**EXERCISE INPUT**:
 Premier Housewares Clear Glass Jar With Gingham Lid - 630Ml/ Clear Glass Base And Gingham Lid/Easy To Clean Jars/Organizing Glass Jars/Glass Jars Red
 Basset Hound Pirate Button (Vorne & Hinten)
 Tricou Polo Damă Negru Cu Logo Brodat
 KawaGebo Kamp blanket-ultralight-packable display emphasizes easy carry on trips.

---

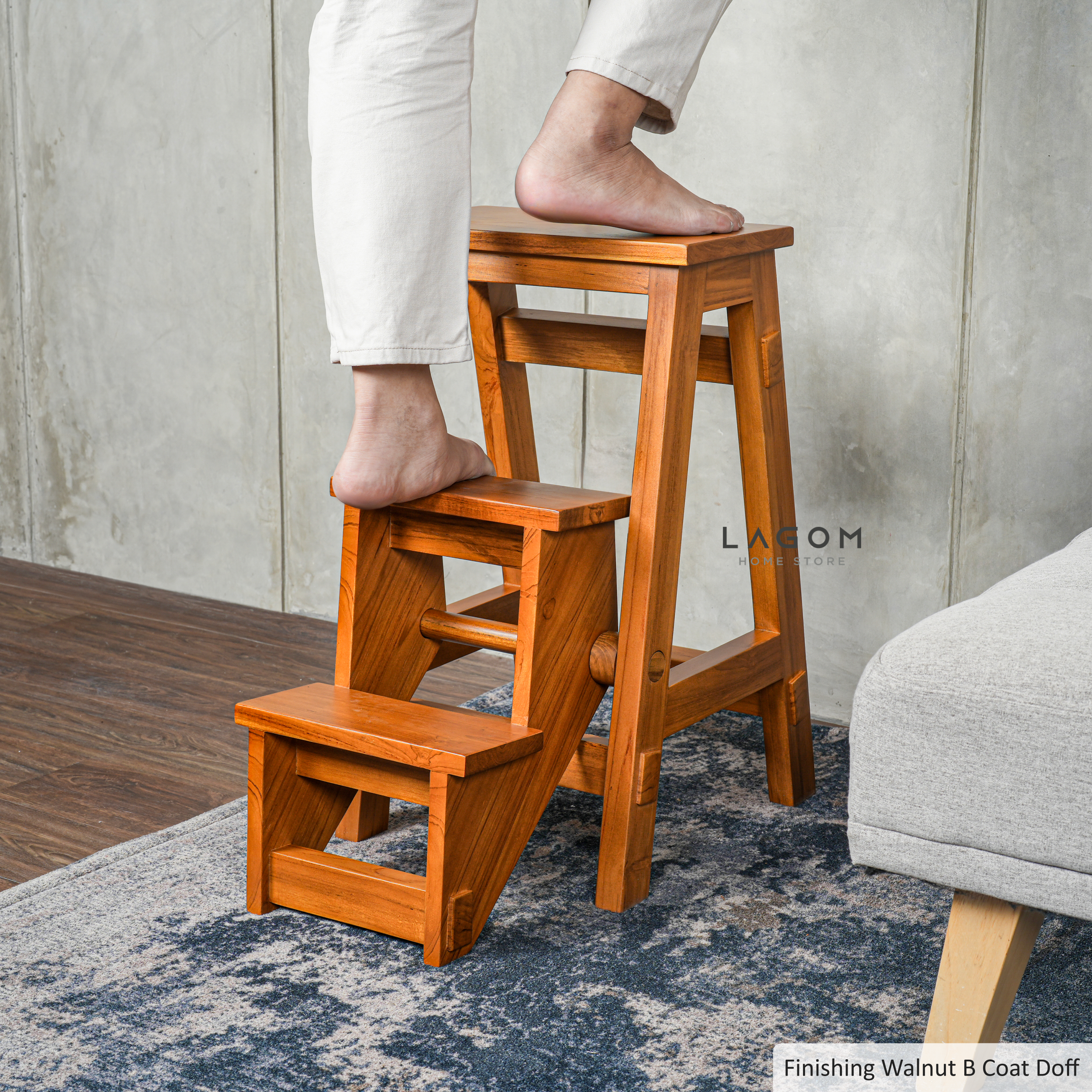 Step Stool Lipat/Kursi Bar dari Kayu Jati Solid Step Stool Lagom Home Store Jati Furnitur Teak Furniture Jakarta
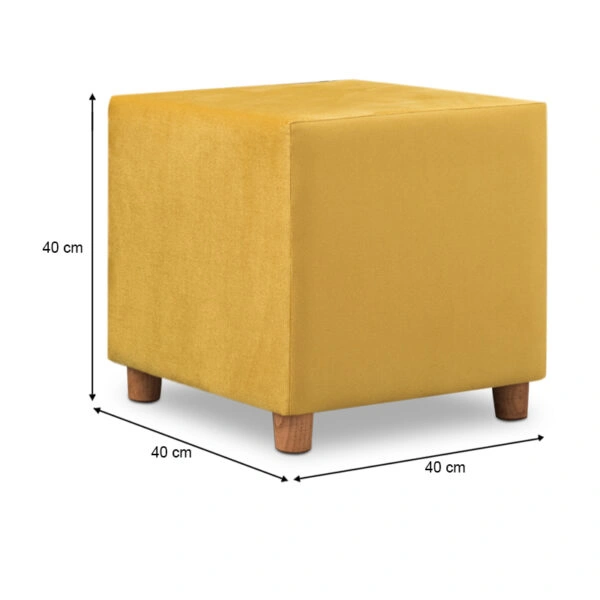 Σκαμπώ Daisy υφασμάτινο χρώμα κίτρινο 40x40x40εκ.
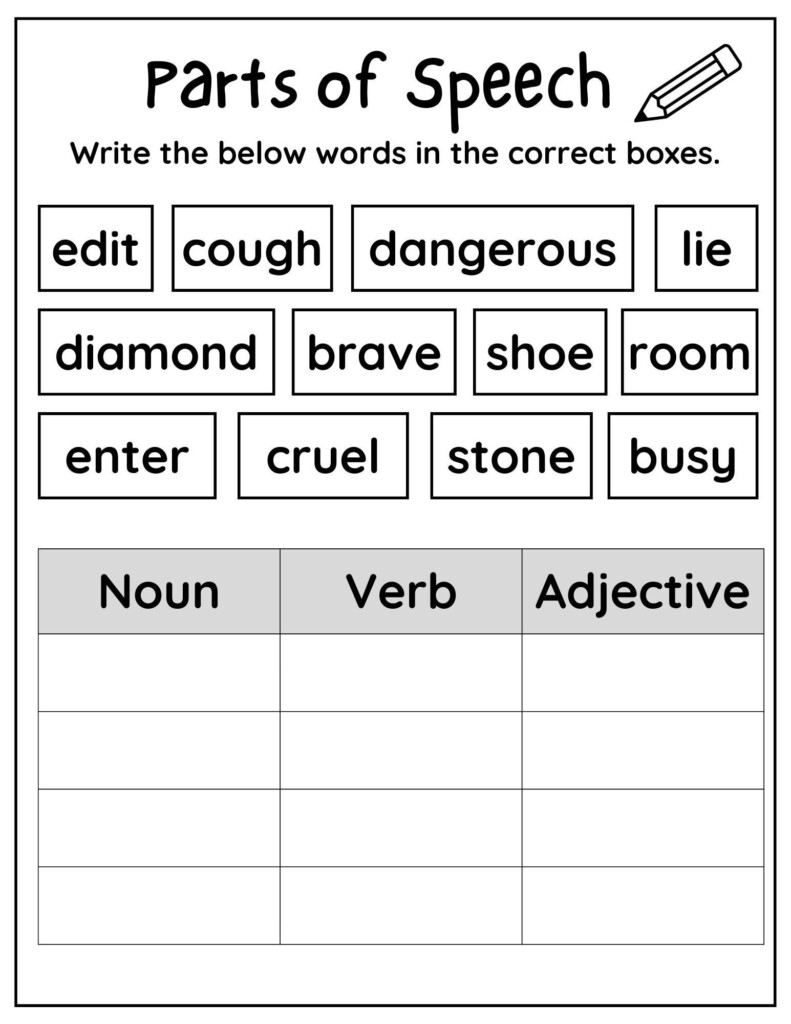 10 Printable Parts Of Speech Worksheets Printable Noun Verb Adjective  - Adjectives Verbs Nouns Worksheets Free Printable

---

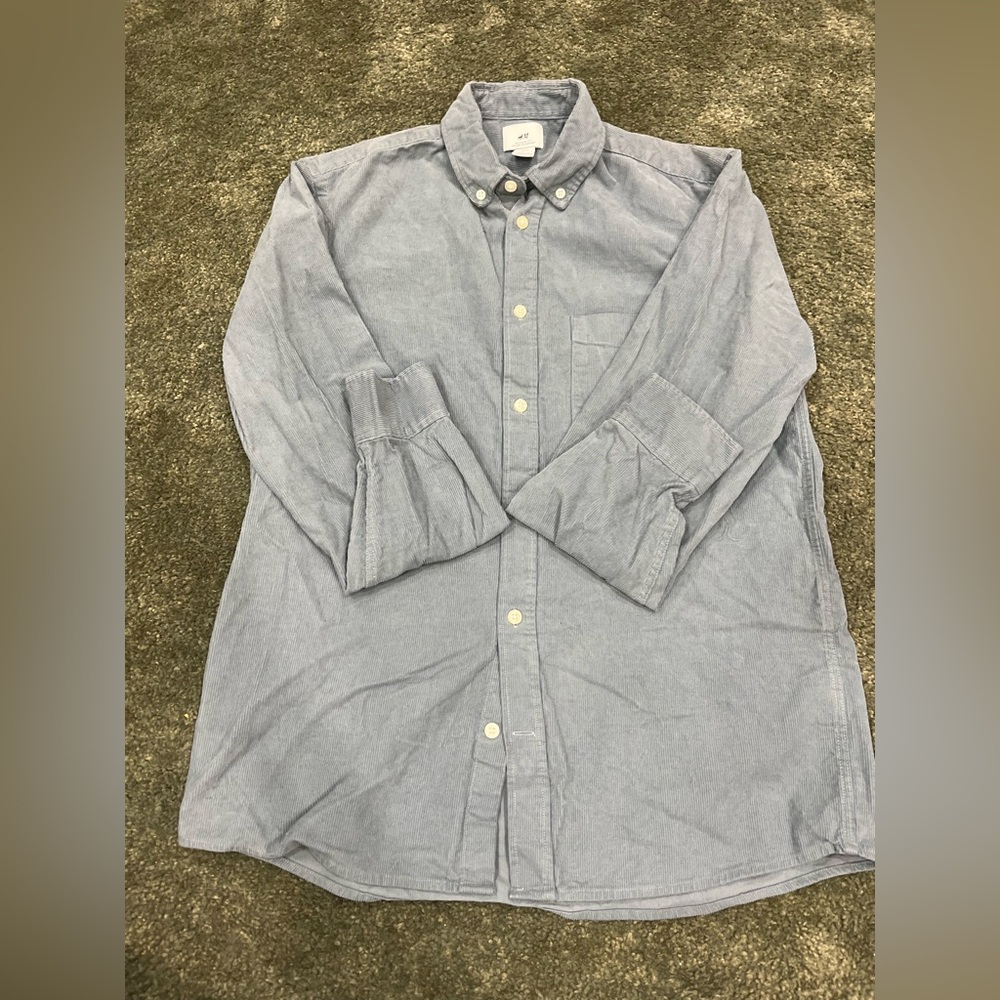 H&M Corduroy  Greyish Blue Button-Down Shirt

**TASK DESCRIPTION**: In the listing above, start at the line with "Tricou Polo Damă Negru Cu Logo Brodat", go on through the line with "KawaGebo Kamp blanket-ultralight-packable", and copy each of those lines exactly; leave out all the rest.

**TASK OUTPUT**:
 Tricou Polo Damă Negru Cu Logo Brodat
 KawaGebo Kamp blanket-ultralight-packable display emphasizes easy carry on trips.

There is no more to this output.